Slurm: Script examples
Message passing example (MPI)
#!/bin/bash
#
#SBATCH --job-name=test_mpi
#
#SBATCH --ntasks=4
#SBATCH --time=10:00
#SBATCH --mem-per-cpu=500
module load gcc/12.3.0
module load openmpi/4.1.5
srun hello.mpi
Request four cores on the cluster for 10 minutes, using 500 MB of RAM per core. Assuming hello.mpi
was compiled with MPI support, srun
will create four instances of it, on the nodes allocated by Slurm.
You can try the above example by downloading the example hello world program from Wikipedia (for example, you can name it wiki_mpi_example.c), and compiling it with
module load gcc/6.4.0
module load openmpi/3.0.0
mpicc wiki_mpi_example.c -o hello.mpi
The res_mpi.txt
file should look something like this:
0: We have 4 processors
0: Hello 1! Processor 1 reporting for duty
0: Hello 2! Processor 2 reporting for duty
0: Hello 3! Processor 3 reporting for duty
Embarrassingly parallel example
This setup is useful for problems based on random draws (e.g. Monte-Carlo simulations). In such cases, you can have four programs drawing 1000 random samples and combining their output afterwards (with another program) you get the equivalent of drawing 4000 samples.
Another typical use of this setting is parameter sweep. In this case the same computation is carried on several times by a given code, differing only in the initial value of some high-level parameter for each run.
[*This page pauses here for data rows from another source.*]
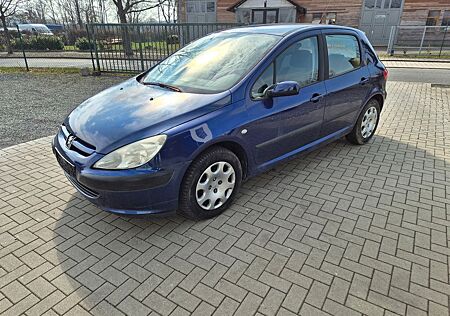 Peugeot 307 1.4 Tendance 110, Klima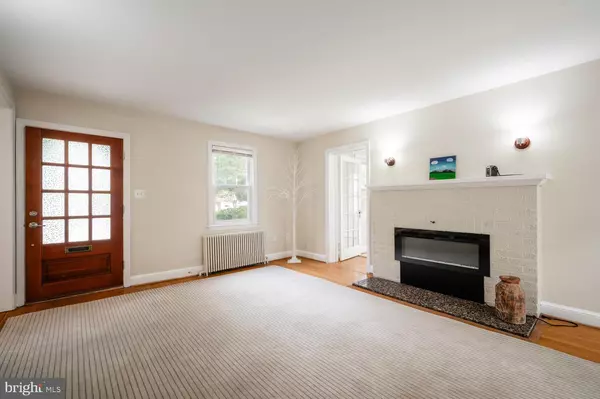 Arlington, VA 22201,534 N MONROE ST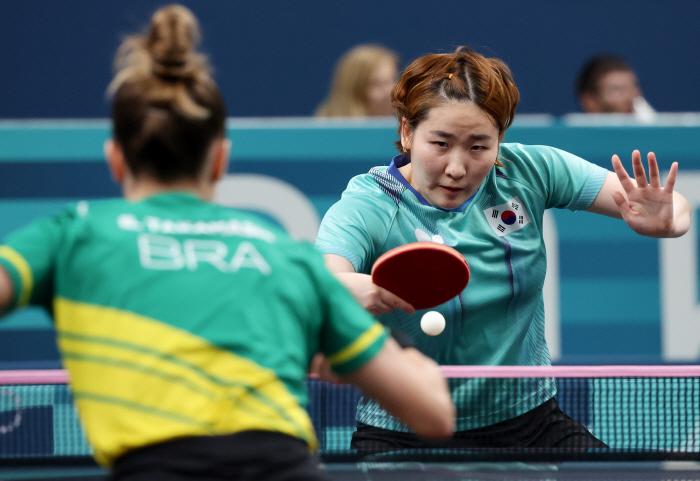 'Exhausted Shin Yu-bin, Precious Sisters'' Korean table tennis wins 3-1 over Brazil! advance to the quarterfinals 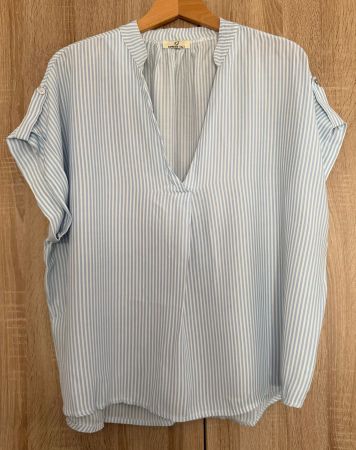 Blusen Top Shirt hellblau weiss Grösse 46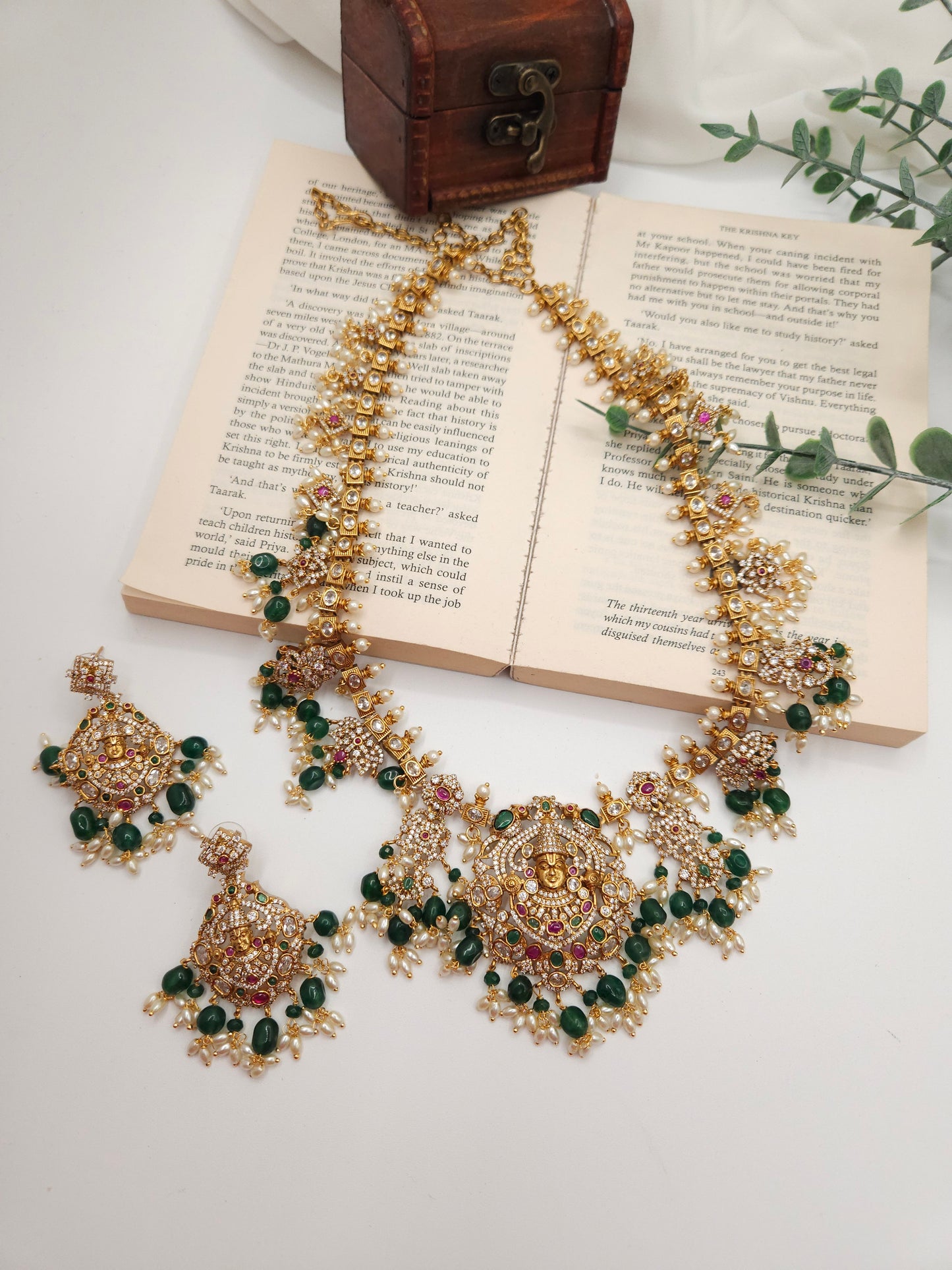 Sarya designer gold plated necklace set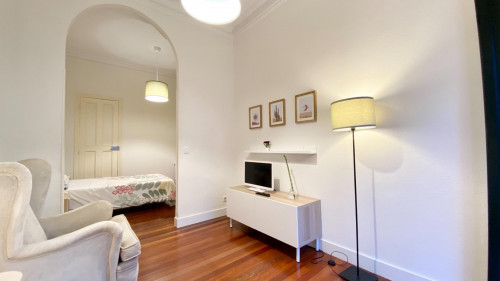 Single bedroom in a 5-bedroom apartment near Abando metro station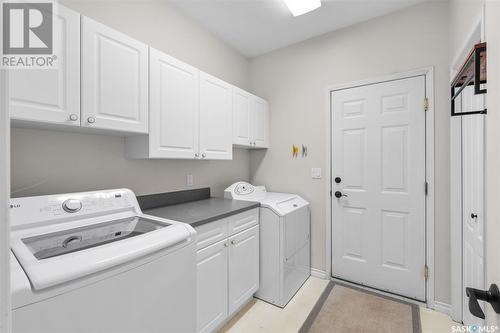 411 Collins Crescent, Saskatoon, SK - Indoor Photo Showing Laundry Room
An example could be the optimisation of an integer-valued parameter through range scanning:
#!/bin/bash
#
#SBATCH --job-name=test_emb_arr
#
#SBATCH --ntasks=1
#SBATCH --time=10:00
#SBATCH --mem-per-cpu=100
#
#SBATCH --array=1-8
srun ./my_program $SLURM_ARRAY_TASK_ID
In this configuration, the command my_program
will be run eight times, creating eight distinct jobs, each time with a different argument passed with the environment variable defined by slurm SLURM_ARRAY_TASK_ID ranging from 1 to 8.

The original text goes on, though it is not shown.